# Filing machine



## Chris Hamel (Nov 25, 2021)

*I had built this filing machine a while back using a DC gearmotor,  but I was never happy with it.  The motor simply didn't have enough torque.  I had this AC fan motor which was surplus so I decided to make use of it.  The main drive shaft was built around a couple of 10 mm ball bearings.  I made  18 and 54 tooth gears which gave me a three to one gear reduction.  The slow speed of the motor was about 1000 rpm so final speed was 300 rpm which was reasonable.  It worked out fine and the machine has resonable amount of power.
	

		
			
		

		
	


*


----------



## matthewsx (Nov 25, 2021)

Very nice, I have a Keller Die Filer that I got cheap and rehabbed.
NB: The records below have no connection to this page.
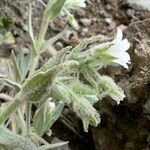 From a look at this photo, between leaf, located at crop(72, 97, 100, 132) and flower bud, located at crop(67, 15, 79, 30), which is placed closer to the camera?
leaf, located at crop(72, 97, 100, 132)

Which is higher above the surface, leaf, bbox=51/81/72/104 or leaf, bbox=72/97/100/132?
leaf, bbox=51/81/72/104

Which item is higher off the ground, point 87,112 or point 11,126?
point 87,112

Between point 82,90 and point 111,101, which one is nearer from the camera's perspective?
point 82,90

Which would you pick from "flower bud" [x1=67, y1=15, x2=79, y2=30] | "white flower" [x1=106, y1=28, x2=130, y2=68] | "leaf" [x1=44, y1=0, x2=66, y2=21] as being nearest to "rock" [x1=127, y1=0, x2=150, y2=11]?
"flower bud" [x1=67, y1=15, x2=79, y2=30]

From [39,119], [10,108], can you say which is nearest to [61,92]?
[10,108]

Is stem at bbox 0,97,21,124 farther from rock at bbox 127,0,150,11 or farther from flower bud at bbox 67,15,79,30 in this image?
rock at bbox 127,0,150,11

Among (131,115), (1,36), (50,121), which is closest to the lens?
(50,121)

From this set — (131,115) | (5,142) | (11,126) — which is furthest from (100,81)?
(11,126)

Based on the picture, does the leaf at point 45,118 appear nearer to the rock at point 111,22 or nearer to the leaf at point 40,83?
the leaf at point 40,83

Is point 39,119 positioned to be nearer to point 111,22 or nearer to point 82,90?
point 82,90

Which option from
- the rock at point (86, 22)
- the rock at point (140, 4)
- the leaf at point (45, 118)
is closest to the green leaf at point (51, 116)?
the leaf at point (45, 118)

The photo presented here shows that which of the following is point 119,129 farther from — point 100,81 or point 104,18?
point 104,18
Useful machine for a hobby shop.

John


----------



## Winegrower (Nov 25, 2021)

Agree about usefulness.   The Butterfly die filer has a very nice tool holding method, so round, flat or square tools work fine.   I can use a cut down hacksaw blade for cutting inside holes, where the bandsaw won’t help.


----------



## gonzo (Nov 26, 2021)

Wow! Levitating motor! Where did you find that?


----------



## deadbunny (Nov 28, 2021)

just thought i would throw this out there i got a 100 year old saw tooth index filing machine my dad used to redo hand saws he got it running i think it still does. it's a big machine, like to sell or trade it off, might have a lot of possibility's if i was a little younger


----------



## Muggs (Dec 2, 2021)

Chris, nice machine.


----------